As the banking crisis lurches from one sore point to another, new problems emerge.
It's like a game of whack-a-mole.
But frantically putting out financial market spot fires is better than a financial contagion.
Two weeks ago, US regulators made a desperate pitch to avoid a nation-wide bank run by making Silicon Valley Bank depositors "whole".
Signature Bank and First Republic also showed signs of financial stress and, again, help was made available – including financial assistance by Wall Street investment banks in the latter's case.
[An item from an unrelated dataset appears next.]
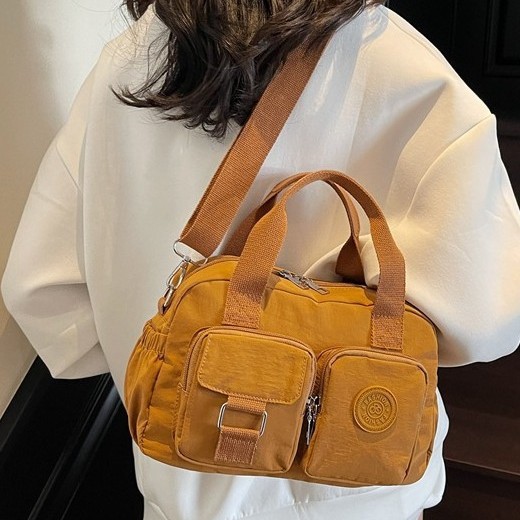Spring/Summer New 2025 Fashionable, versatile, casual and simple nylon fabric hand-held multi-pocket workwear-style single-shoulder crossbody bag details Picture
However, there are thousands of regional banks across the United States, and Treasury Secretary Janet Yellen made it clear last week that some uninsured depositors would not receive any help in the case of community bank collapse.
The fear is higher net wealth customers, with large deposits not wholly covered by insurance, will abandon the regional banks for the bigger players on Wall Street.
Regulators are closely watching bank deposits and CNN reported that an unnamed US official had said "uninsured deposit outflows have slowed, stopped or in some cases reversed among all institutions in focus right now."
As with any crisis, the landscape can change quickly.
Credit Suisse's unhappy shotgun marriage
Last weekend, the Swiss government brokered a shotgun marriage between the country's biggest and second-biggest banks to save the latter from a crisis of confidence.
In the days prior, Credit Suisse's share price had crashed and other European banks indicated they would require up-front payments in their dealings with the bank.
It pointed to a drop in trust and confidence between European banks.
At a weekend press conference, Credit Suisse chair Axel Lehmann told reporters the "latest developments that emanated from the banks in the US hit us at the most unfavourable moment."
"The accelerating loss of confidence and the escalation over the last few days have made it clear that Credit Suisse can no longer exist in its current form.
"We are happy to have found a solution, which I'm convinced will bring lasting stability and security for clients, staff, financial markets and to Switzerland."
Part of the solution, though, was to wipe out the bank's hybrid bond holders.
That is, the Additional Tier 1 (AT1) bond owners.
The owners of these securities bought them knowing in the event of a financial disaster, their securities would be either converted to shares or written down.
In this case, a combined $17 billion worth was written down, in a wipe-out for those investors.
On the other hand, shareholders will suffer losses but not a total loss.
It's controversial because shareholders normally follow bond holders in terms of access to returns as a company is wound-up.
It's so controversial that the European Central Bank and Bank of England were quick to distance themselves from the Swiss authorities' actions, while some of the aggrieved bondholders are pondering legal action.
There's even been talk of recalling Switzerland's parliament to consider challenging to parts of the deal.
It's not surprising then that shares in AT1 bond holder HSBC fell heavily on Monday.
The stock recouped some of those losses on Tuesday.
'Hunt and destroy'
Analysts say financial markets are now looking for other firms holding Credit Suisse debt.
"The market is playing hunt and destroy now with [perceived] weakness," Marcus Today analyst Henry Jennings said.
"Deutsche [Bank] would be one target. That would be too big to fail."
In addition, central banks across the world are working in unison to reassure banks and their customers they are standing ready to support the normal and efficient flow of cash and assets.
In practical terms, the Bank of Canada, the Bank of England, the Bank of Japan, the European Central Bank, the Federal Reserve and the Swiss National Bank have announced a coordinated action to enhance the provision of liquidity.
They'll do this via the standing US Dollar Liquidity Swap Line Arrangements, which will give banks daily, rather than weekly, access to US dollars.
They haven't needed it yet, but they may soon, with one key event in particular this week that could yet shake markets again.
That big financial event over the next 24 to 48 hours is the Federal Reserve's meeting to decide on its interest rate policy, with an announcement due early on Thursday morning AEDT.
The expectation is that the central bank will either choose to hike its "Federal Funds Rate" by 0.25 percentage points, or pause on its rate hikes.
But investors will also be watching for indications of how many more rate hikes Fed members expect to push through to get inflation back under control, and how those have changed since the last meeting.
Tuesday's March Reserve Bank meeting minutes confirm Australia's central bank will also consider pausing its interest rate hikes next month.
"At what point it will be appropriate to pause will be determined by the data and the board's assessment of the outlook," the minutes noted.
The central question facing global financial markets at present is whether central banks need to stop increasing interest rates in the face of banking turmoil, or if inflation represents too big a threat to even consider it as an option.
The key question facing central banks is much the same: is banking turmoil close to crashing the real economy, or is inflation still the greater threat?